## Your goal
The lines below, from the one containing "HyperMotion, Kinderroller, Roller" through the one containing "SpaceDresser Sheer Voile", should be set down exactly, with no pictures and nothing else.

## Study material

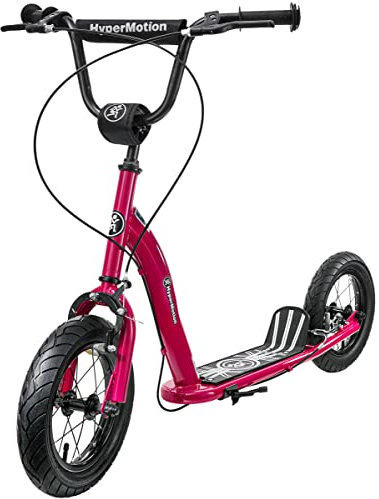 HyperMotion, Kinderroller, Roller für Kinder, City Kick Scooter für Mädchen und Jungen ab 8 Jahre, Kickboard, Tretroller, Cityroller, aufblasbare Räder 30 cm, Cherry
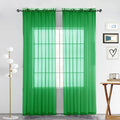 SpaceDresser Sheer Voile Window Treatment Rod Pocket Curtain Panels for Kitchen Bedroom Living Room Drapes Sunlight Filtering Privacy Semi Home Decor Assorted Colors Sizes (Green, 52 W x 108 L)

* * *

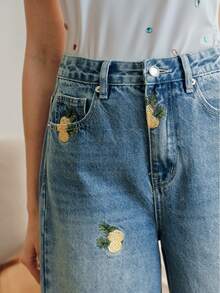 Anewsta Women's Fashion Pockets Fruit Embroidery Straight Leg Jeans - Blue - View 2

...

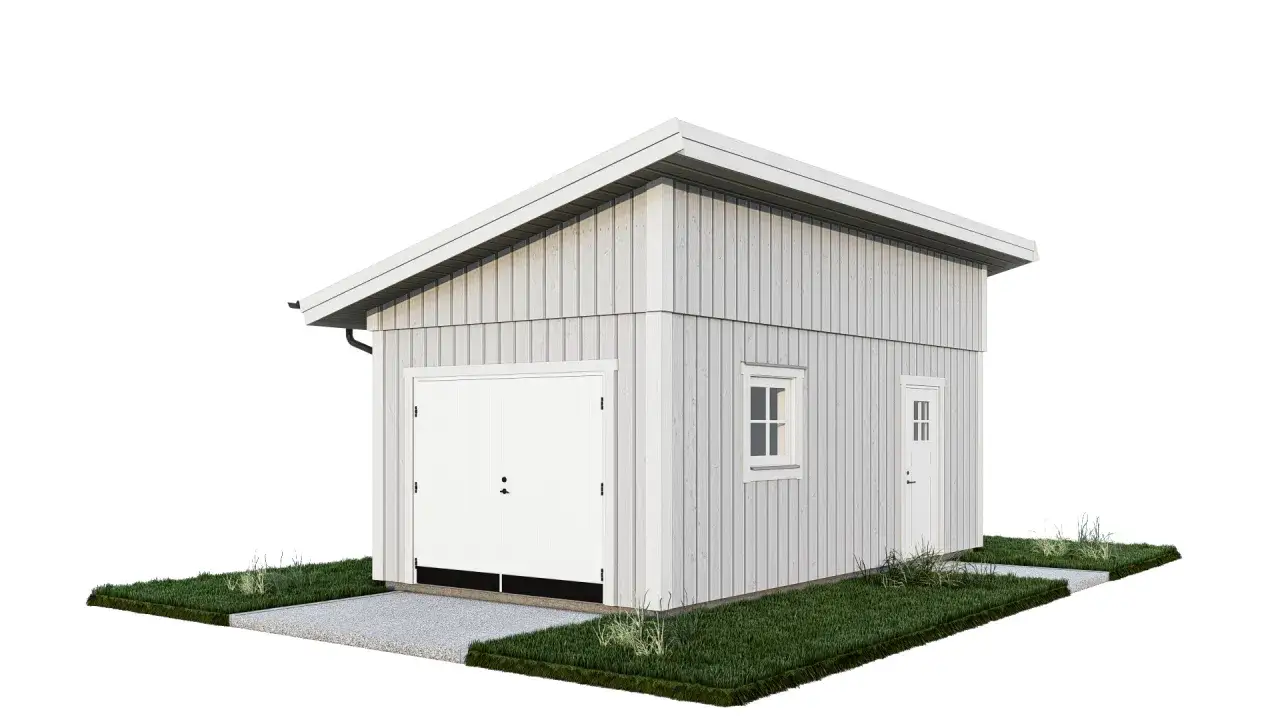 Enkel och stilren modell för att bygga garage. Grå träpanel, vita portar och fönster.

## Answer to this problem
 HyperMotion, Kinderroller, Roller für Kinder, City Kick Scooter für Mädchen und Jungen ab 8 Jahre, Kickboard, Tretroller, Cityroller, aufblasbare Räder 30 cm, Cherry
 SpaceDresser Sheer Voile Window Treatment Rod Pocket Curtain Panels for Kitchen Bedroom Living Room Drapes Sunlight Filtering Privacy Semi Home Decor Assorted Colors Sizes (Green, 52 W x 108 L)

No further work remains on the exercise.